Natureza em estado bruto
O grande apelo do Zimbábue está nos seus vastos espaços abertos e na vida selvagem abundante. O Hwange National Park é a maior unidade de conservação do país, com uma área de 14.650 quilômetros quadrados. Por lá, circulam centenas de animais como guepardos, babuínos, búfalos, hienas, leões e antílopes, além de uma população estimada entre 30.000 e 40.000 elefantes vivendo em liberdade. O Matusadono National Park também protege uma rica fauna, incluindo rinocerontes-negros reintroduzidos na região há alguns anos.
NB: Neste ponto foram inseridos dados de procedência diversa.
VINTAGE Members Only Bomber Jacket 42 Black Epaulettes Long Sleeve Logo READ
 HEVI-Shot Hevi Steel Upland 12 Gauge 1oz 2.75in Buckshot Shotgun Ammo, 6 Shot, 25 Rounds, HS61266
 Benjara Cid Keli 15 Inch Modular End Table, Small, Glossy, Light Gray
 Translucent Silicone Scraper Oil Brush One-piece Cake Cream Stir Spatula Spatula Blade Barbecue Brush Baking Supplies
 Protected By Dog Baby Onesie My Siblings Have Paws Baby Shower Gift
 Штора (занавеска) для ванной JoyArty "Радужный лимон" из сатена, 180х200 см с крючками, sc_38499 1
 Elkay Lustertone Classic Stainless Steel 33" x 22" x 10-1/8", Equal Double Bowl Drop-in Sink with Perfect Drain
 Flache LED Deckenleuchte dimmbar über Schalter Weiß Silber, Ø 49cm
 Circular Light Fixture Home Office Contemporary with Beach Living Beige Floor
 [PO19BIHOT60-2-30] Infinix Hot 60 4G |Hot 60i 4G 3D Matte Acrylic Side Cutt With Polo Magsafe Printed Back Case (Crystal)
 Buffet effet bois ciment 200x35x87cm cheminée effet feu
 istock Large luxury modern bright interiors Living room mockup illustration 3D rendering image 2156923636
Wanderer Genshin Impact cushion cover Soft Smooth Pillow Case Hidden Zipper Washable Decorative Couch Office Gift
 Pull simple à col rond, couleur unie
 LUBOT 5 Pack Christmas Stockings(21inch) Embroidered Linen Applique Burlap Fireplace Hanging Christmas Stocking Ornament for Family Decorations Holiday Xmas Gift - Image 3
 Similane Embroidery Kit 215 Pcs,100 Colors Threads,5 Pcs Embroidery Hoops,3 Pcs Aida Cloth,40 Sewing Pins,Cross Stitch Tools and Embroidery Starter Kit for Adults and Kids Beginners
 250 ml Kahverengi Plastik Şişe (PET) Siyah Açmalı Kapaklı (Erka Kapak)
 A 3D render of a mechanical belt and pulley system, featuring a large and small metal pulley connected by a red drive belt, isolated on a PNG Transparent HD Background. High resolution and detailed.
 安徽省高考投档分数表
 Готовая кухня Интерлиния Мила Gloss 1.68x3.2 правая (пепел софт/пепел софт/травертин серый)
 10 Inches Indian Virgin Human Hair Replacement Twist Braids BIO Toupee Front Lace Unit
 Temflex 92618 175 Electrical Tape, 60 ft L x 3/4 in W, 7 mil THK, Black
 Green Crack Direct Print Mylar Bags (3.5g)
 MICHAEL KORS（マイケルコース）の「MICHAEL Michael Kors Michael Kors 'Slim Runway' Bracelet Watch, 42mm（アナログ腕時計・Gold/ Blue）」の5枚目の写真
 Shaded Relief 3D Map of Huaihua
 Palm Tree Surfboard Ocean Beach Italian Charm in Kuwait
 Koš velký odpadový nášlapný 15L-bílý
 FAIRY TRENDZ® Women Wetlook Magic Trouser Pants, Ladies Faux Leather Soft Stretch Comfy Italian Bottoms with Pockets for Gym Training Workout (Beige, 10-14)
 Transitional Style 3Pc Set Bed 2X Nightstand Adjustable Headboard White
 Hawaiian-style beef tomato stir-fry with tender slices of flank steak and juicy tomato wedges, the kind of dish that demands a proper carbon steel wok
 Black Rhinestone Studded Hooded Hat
Já o Matobo National Park chama atenção pelas formações rochosas esculpidas pela erosão ao longo dos milênios, criando paisagens surrealistas protegidas pela Unesco.
Quando ir
O Zimbábue pode ser visitado o ano todo, mas a estação seca é a escolha mais recomendada. Ela vai de abril a outubro, oferecendo dias ensolarados e temperaturas amenas. Já a época das chuvas, que vai do final de novembro até o início de abril, traz temporais intensos e um clima bastante abafado.
Como ir
Não há voos diretos partindo do Brasil para Harare, a capital do Zimbábue. A maioria das rotas aéreas exige conexões em grandes centros como Joanesburgo, na África do Sul, ou em capitais europeias, resultando em viagens que duram entre 17 e 20 horas no total. Quem já está na região também pode cruzar as fronteiras terrestres de ônibus ou trem a partir da própria África do Sul, do Botsuana e de Moçambique.